Thalia menoleh ke arah Sheilla.
"Gimana ini, Shei? Farel gak pernah kirim pesan ke aku duluan, kalau dia kirim pesan ke aku duluan pasti ada kata penting yang dia ungkapkan ...." Thalia teringat saat Farel datang ke rumahnya tanpa disuruh semata-mata karena ingin menghiburnya. Lantas, kali ini, apa maksud Farel yang mengirim pesan duluan padanya?
Sheilla hanya bisa mengerutkan wajahnya. Dugaan Thalia sangat benar, tetapi dia juga harus tahu apa isi pesan itu.
"Tapi ..." cetus Thalia tiba-tiba.
"Kok, kamu bisa tahu, Farel kirim pesan ke aku?" curiga Thalia. Sontak Sheilla tertegun.
"Uhm, itu ..."
"Jangan-jangan kamu nikung aku duluan, ya? Selama ini kalian selalu main bareng, ya?" tukas Thalia lagi.
"Uhm, e-enggak! Kebetulan, kemarin aku ketemu Farel dan dia minta pendapatku tentang pesan yang mau dia kirim ke kamu, Thalia," ungkap Sheilla jujur.
"Minta pendapat kamu? Kenapa? Kenapa dia harus minta pendapat kamu? Terus, itu berarti kamu tahu, apa isi pesannya? Farel bilang apa di pesan itu?" cecar Thalia seraya menatap lekat-lekat ke mata Sheilla, seolah mencari jawaban di sana.
Namun Sheilla menggeleng.
"Sorry, aku gak bisa kasih tahu itu. Itu privasi Farel," ucap Sheilla.
Thalia langsung memutar tubuhnya menghadap papan tulis.
"Dasar pelit! Emang apa salahnya, sih kasih tahu aku? Lagian Farel kirim pesan itu ke aku! Bukan ke kamu! Jangan Ge-Er, deh! Mentang-mentang Farel sekarang lebih deket sama kamu!" sungut Thalia.
"Uhm, terserah, deh. Yang penting aku udah kasih tahu hal penting ke kamu. Kalau gitu, aku balik duluan, ya!" pamit Sheilla yang langsung beranjak.

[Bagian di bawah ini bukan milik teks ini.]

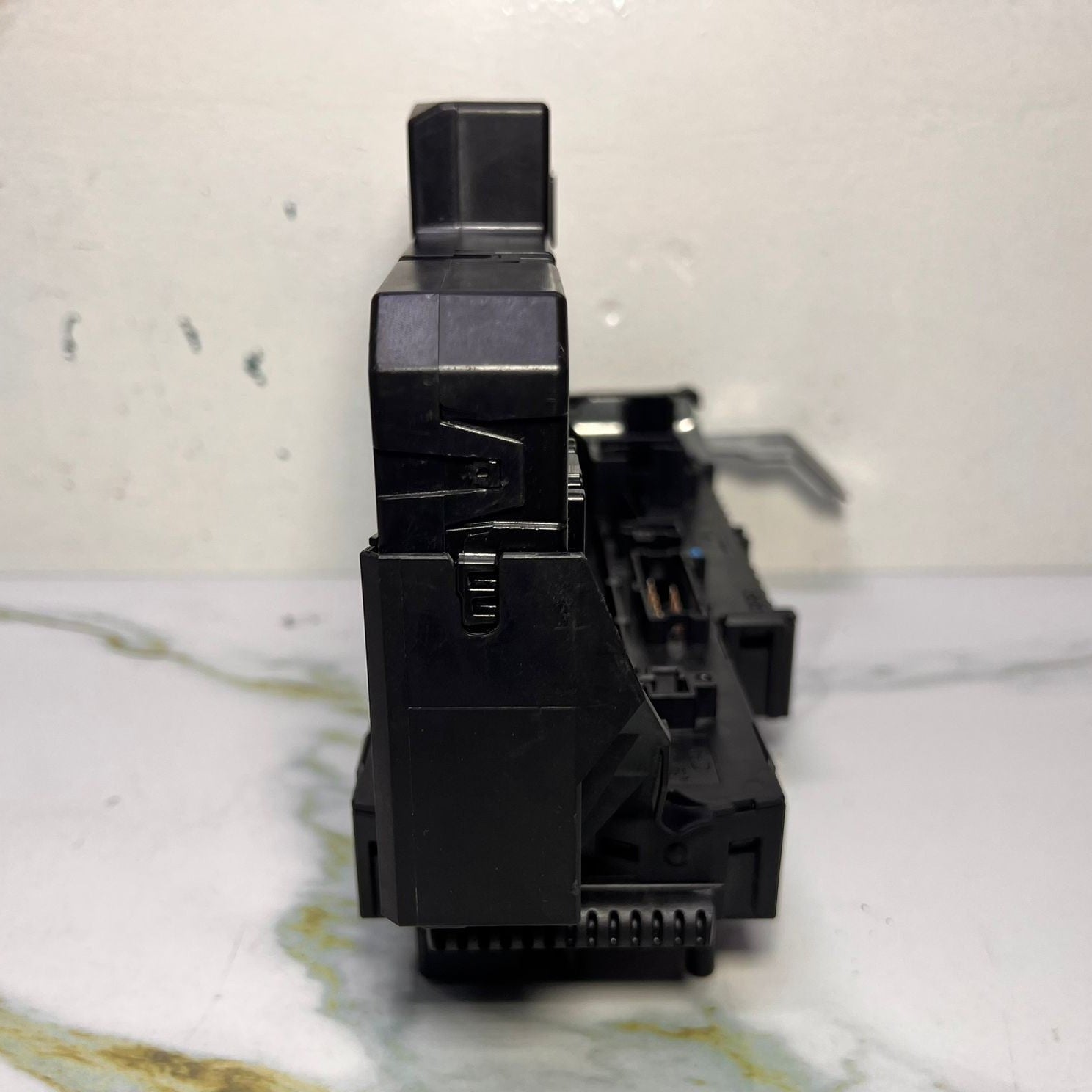Mercedes-Benz Control Unit A 212 900 06 05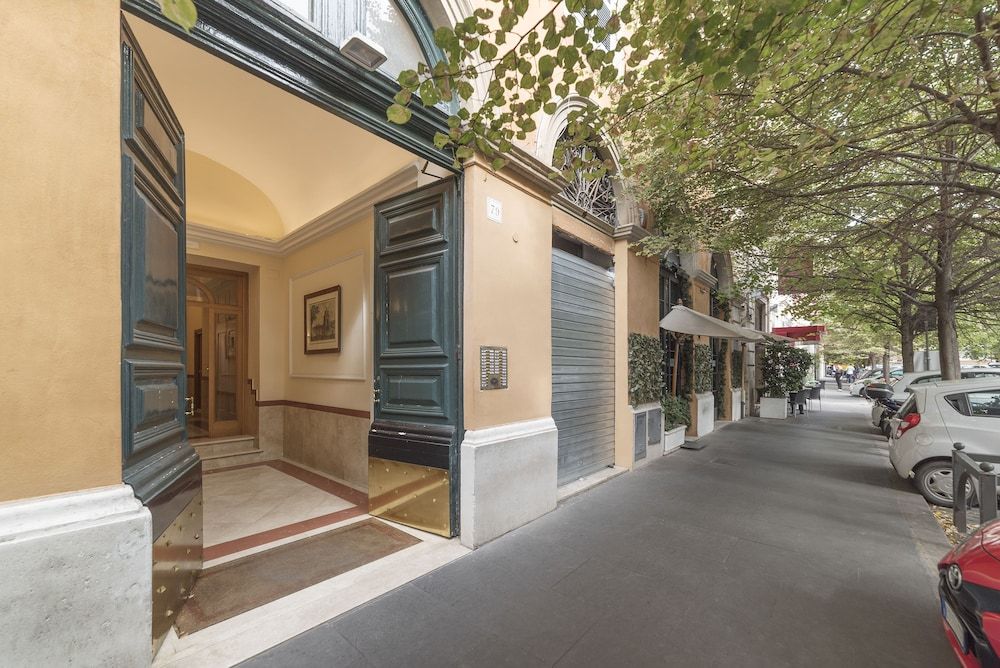 undefined Villa Borghese Roomy Flat 2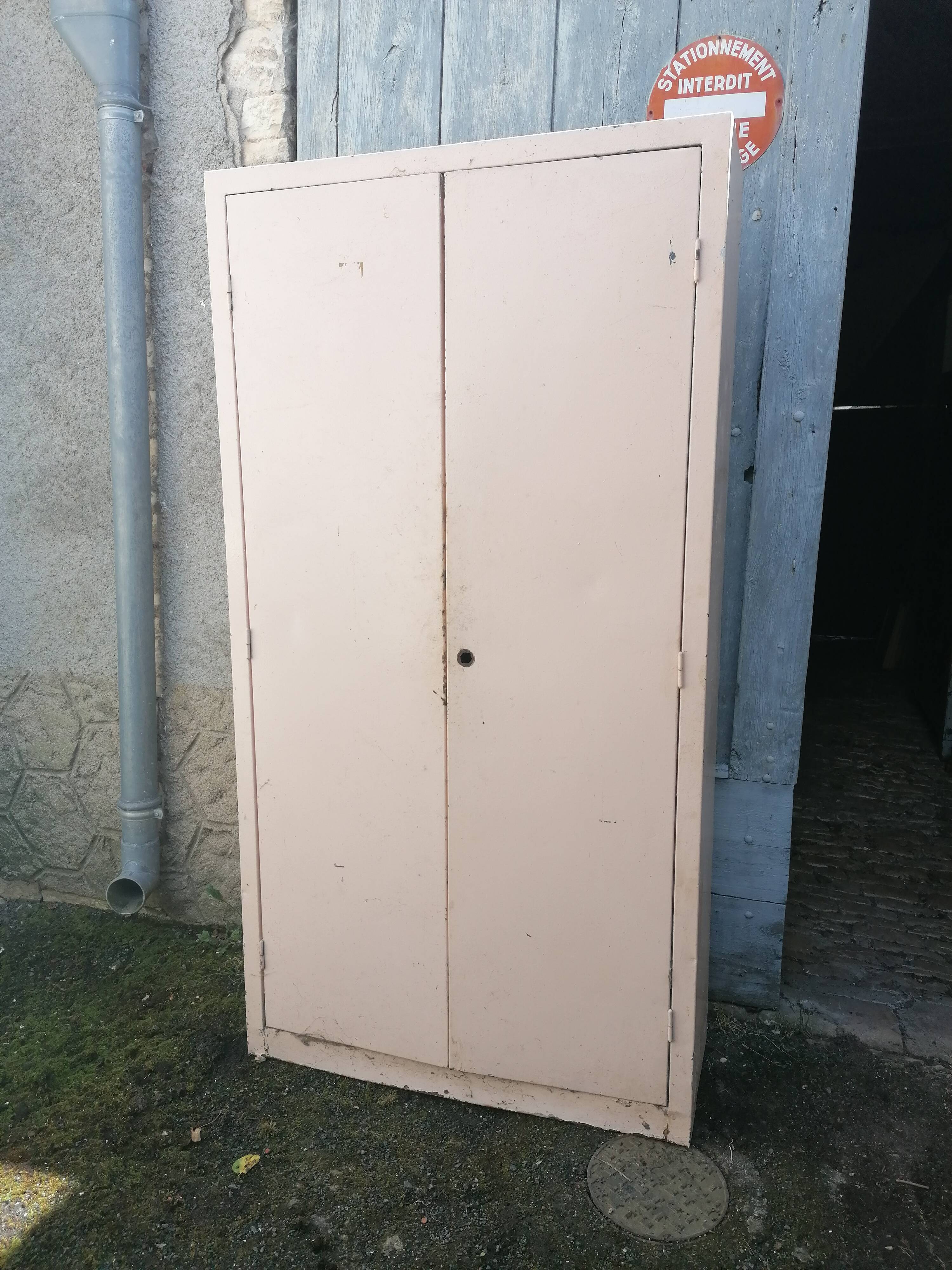 Metal cabinet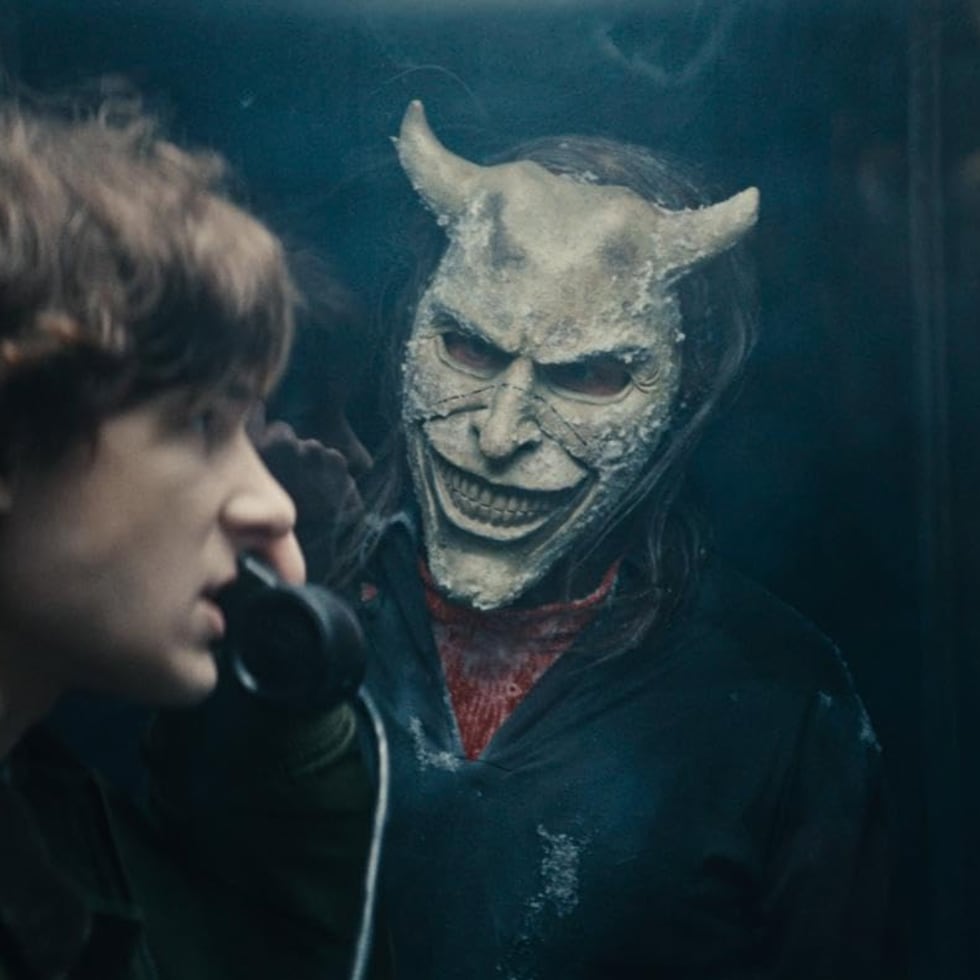 Ethan Hawke y Mason Thames en una escena de "Black Phone 2".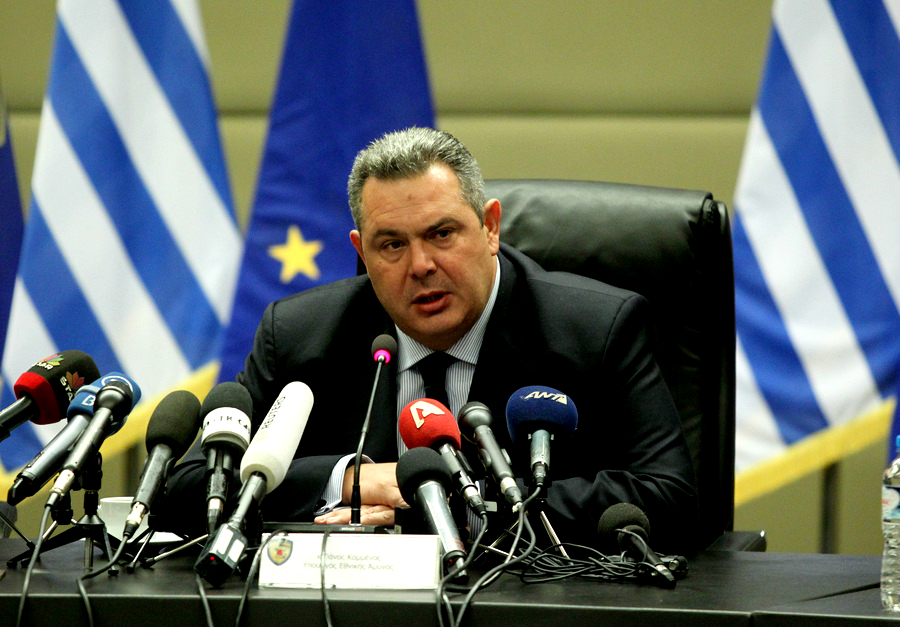 «Τράπεζα στα Χακί»: Την εξαγορά των δανείων του προσωπικού των ενόπλων δυνάμεων σχεδιάζει ο Καμμένος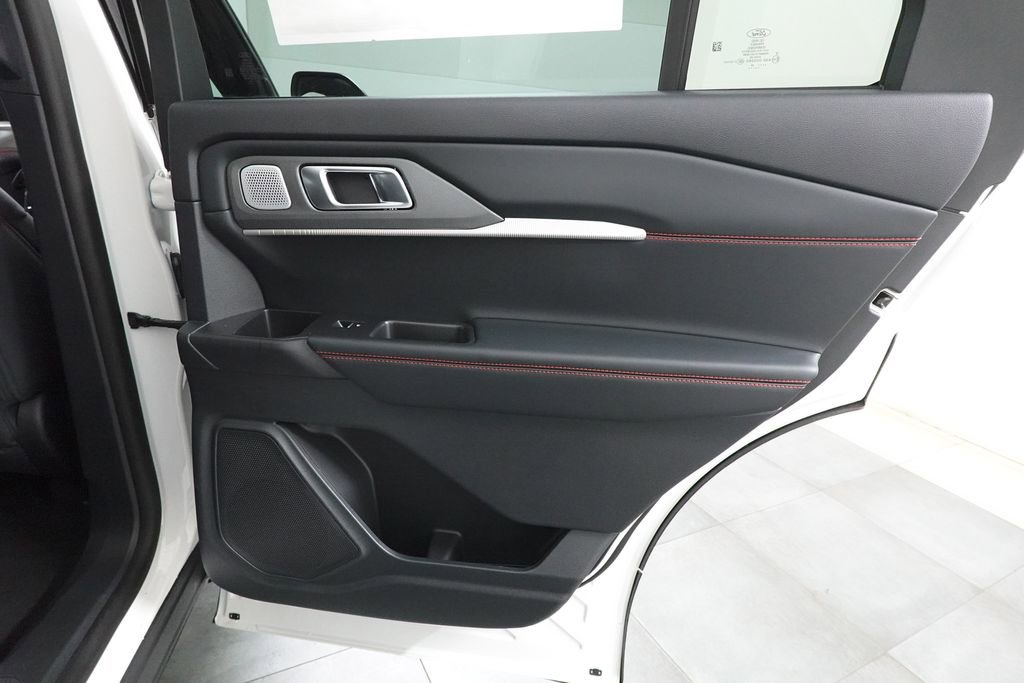 New 2026 Ford Explorer ST image 30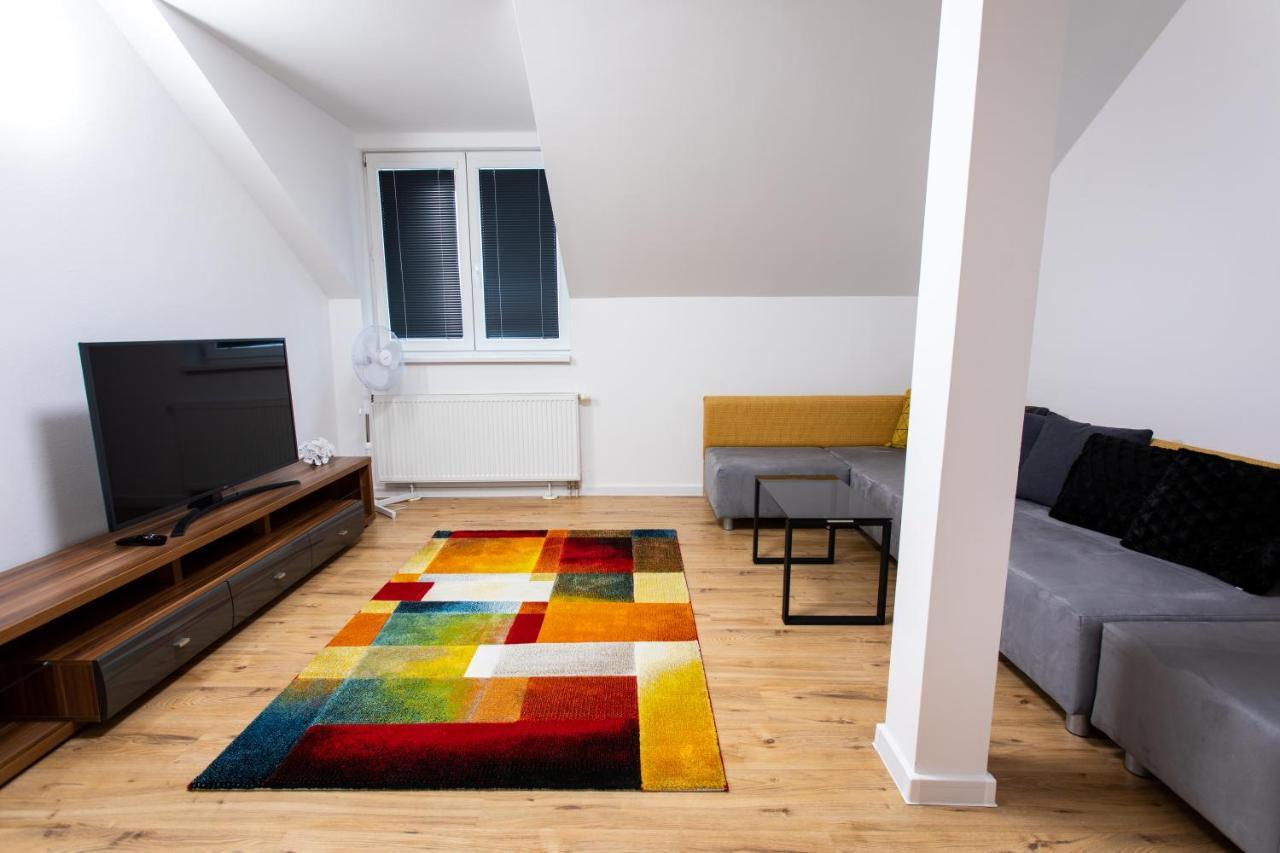 Hotel Novy Kastiel - Self Check-In Topolcany Luaran gambar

"Eh? Kamu mau ninggalin aku begitu aja?" Belum selesai Thalia bicara, Sheilla tahu-tahu sudah keluar dari kelas meninggalkan Thalia sendirian.
"Ugh, dasar!" gerutu Thalia lagi sambil menendang meja. Tak lama kemudian, ponselnya berdering. Tertera nomor supir pribadinya di sana. Namun hal itu malah memunculkan ide di kepala Thalia.
"Wait, kenapa aku gak tanya langsung aja ke Farel? Dia yang kirim pesan, dia pasti tahu isi pesannya! Mumpung gak ada Marina dan yang lain!" seru Thalia.
"That's Right! Itu pasti ide yang bagus!" Thalia langsung berkemas dan keluar dari kelasnya dengan gembira.